Top of Data to examine

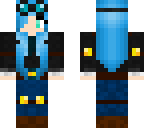 tdm girl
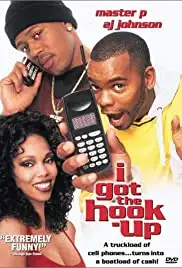 I Got the Hook Up (1998)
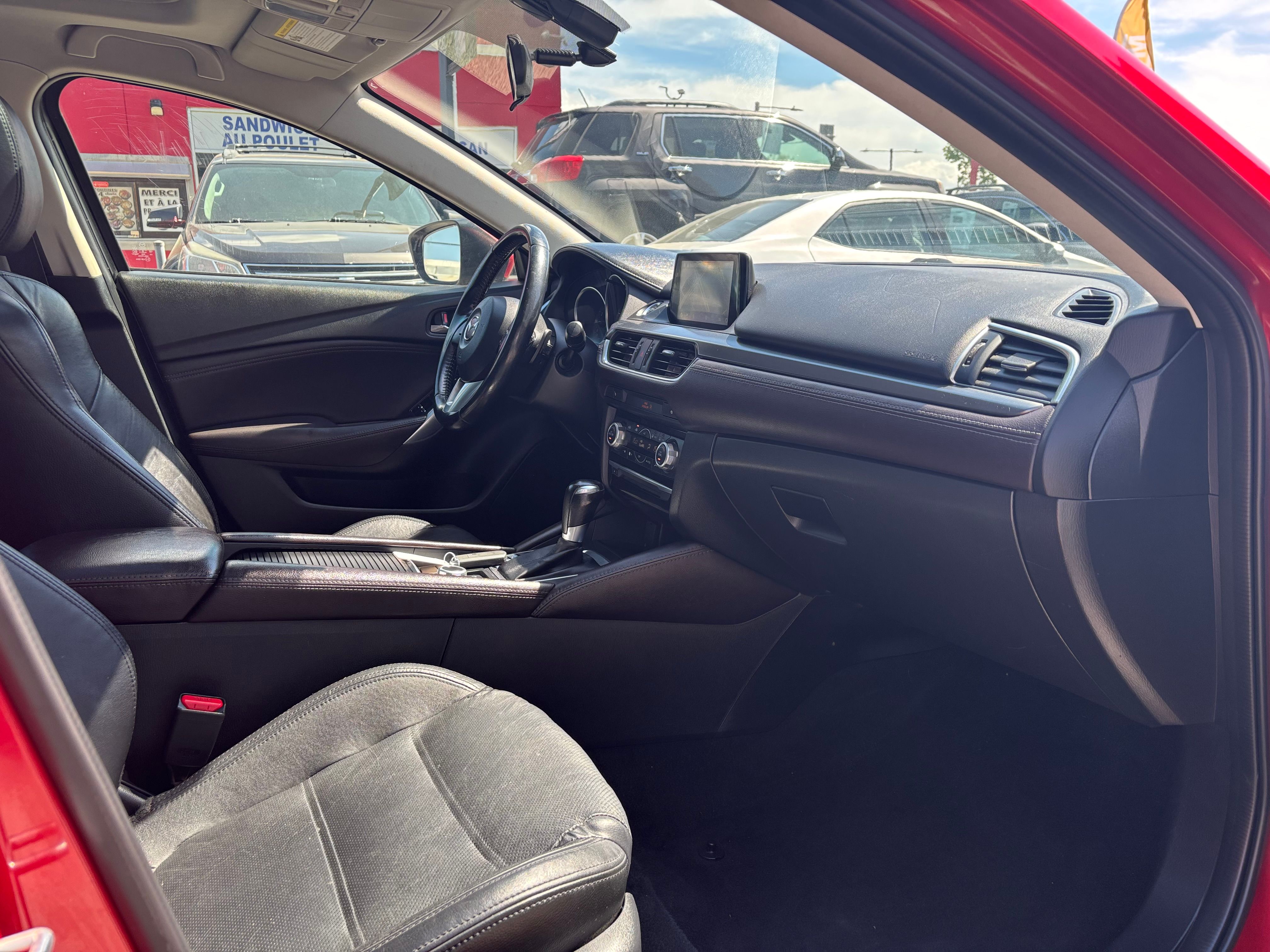 Mazda MAZDA6 2016 - Image 17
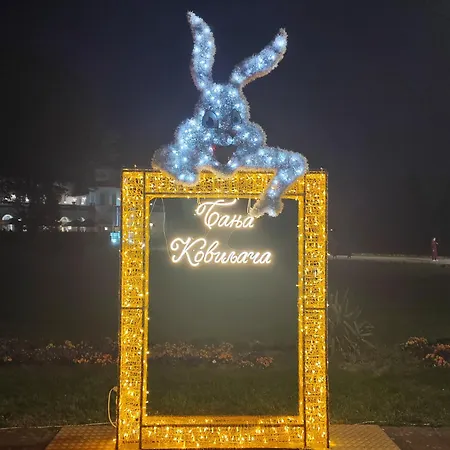 Simic Banja Koviljača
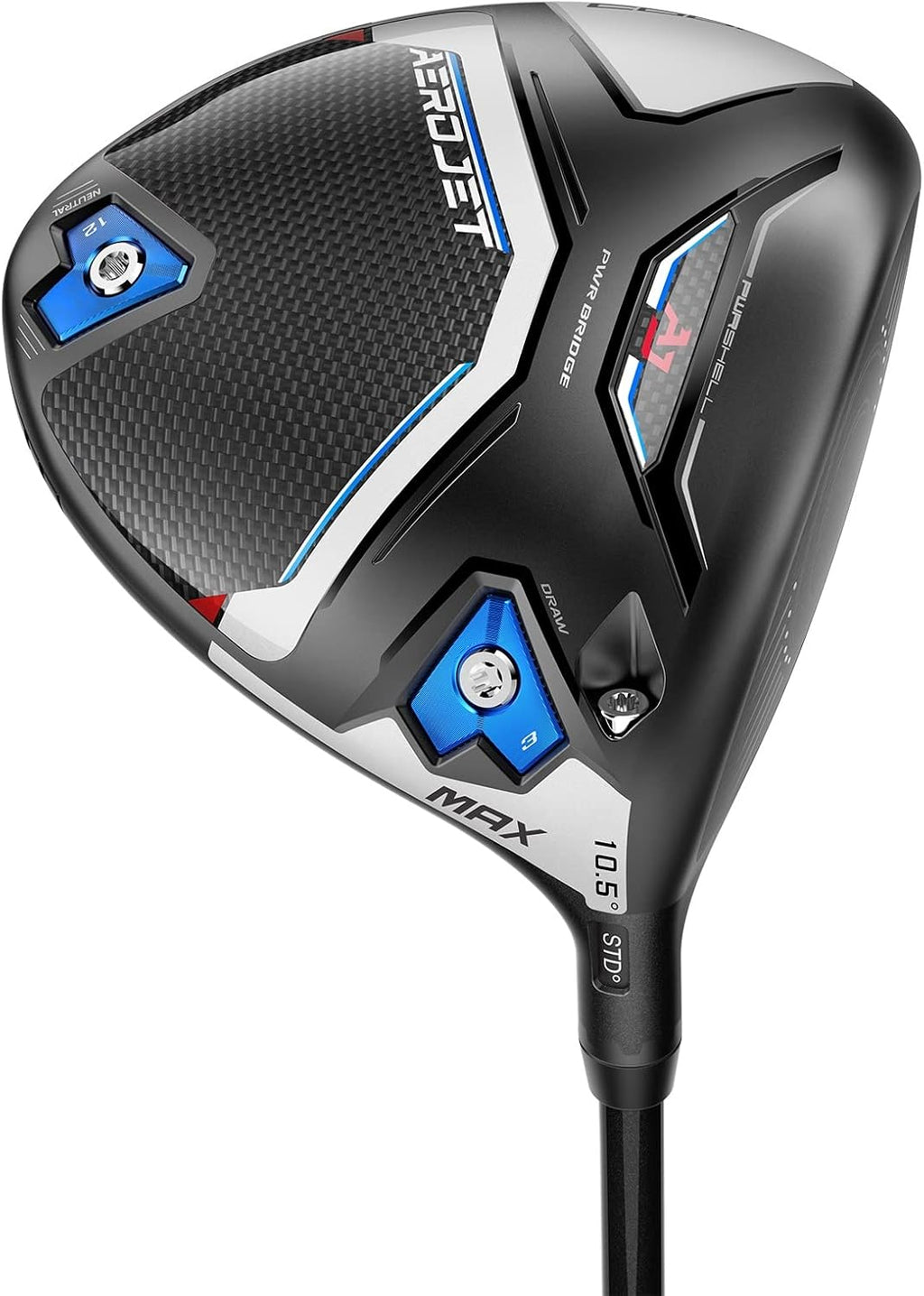 Aerojet MAX Driver H589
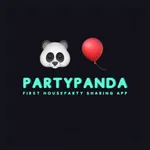 partypanda: Houseparty-Sharing icon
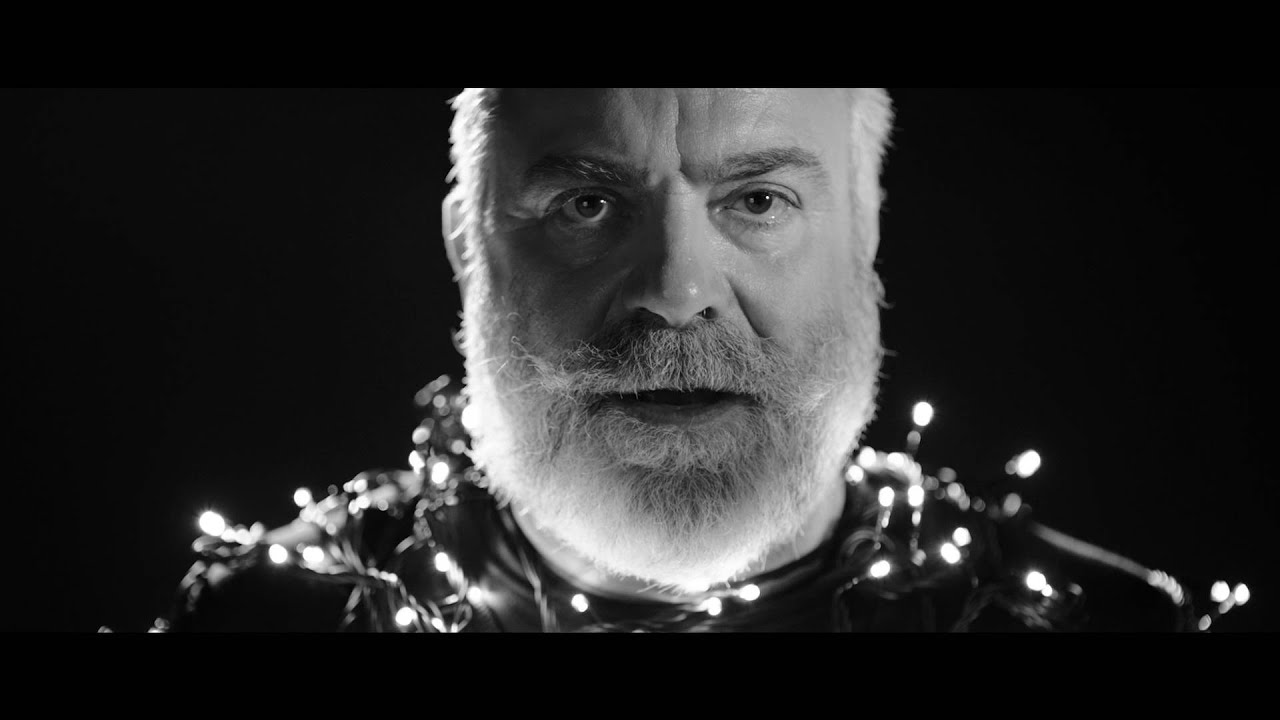 The Jacks (JACK DANIELS)  - Silent night ( feat. Vladimir Penev )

Bottom of Data to examine

*Assignment:*
An exact copy of every line above, minus the pictures, is the required output.

*Response to the exercise:*
 tdm girl
 I Got the Hook Up (1998)
 Mazda MAZDA6 2016 - Image 17
 Simic Banja Koviljača
 Aerojet MAX Driver H589
 partypanda: Houseparty-Sharing icon
 The Jacks (JACK DANIELS)  - Silent night ( feat. Vladimir Penev )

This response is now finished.